In all cases, the report finds it “was or should have been plain that the person killed was a non-combatant”. The vast majority of victims had been captured and were under control, giving them the protection under international law.

Some of the incidents described in the report are deeply troubling. Evidence suggests junior soldiers were instructed by their superiors to execute prisoners in cold blood as part of a “blooding” process to give them their first kill.

“Typically, the patrol commander would take a person under control and the junior member … would then be directed to kill the person under control,” the report found. “‘Throwdowns’ would be placed with the body and a ‘cover story’ was created for the purposes of operational reporting and to deflect scrutiny.”

The chief of the ADF, General Angus Campbell, promised to act on the Brereton report’s “shameful”, “deeply disturbing” and “appalling” findings about the conduct of Australian special forces.

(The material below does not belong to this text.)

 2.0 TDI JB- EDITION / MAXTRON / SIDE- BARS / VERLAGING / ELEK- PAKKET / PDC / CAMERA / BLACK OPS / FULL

Campbell said he accepted all 143 recommendations, including referring individuals to the office of the special investigator to consider potential criminal cases, because it was his duty “to set things right”.

He also foreshadowed changes to the army’s organisational structure and a review into honours and awards. In the meantime, the meritorious unit citation awarded to Special Operations Task Group rotations serving in Afghanistan between 2007 and 2013 will be revoked.

“To the people of Afghanistan, on behalf of the Australian Defence Force, I sincerely and unreservedly apologise for any wrongdoing by Australian soldiers,” Campbell said during a press conference in Canberra on Thursday.

“And to the people of Australia, I am sincerely sorry for any wrongdoing by members of the Australian Defence Force,” he said, adding that the majority of special forces “did not choose to take this unlawful path”.

The Brereton report, to a large degree, absolves senior command of having any knowledge that war crimes were being committed.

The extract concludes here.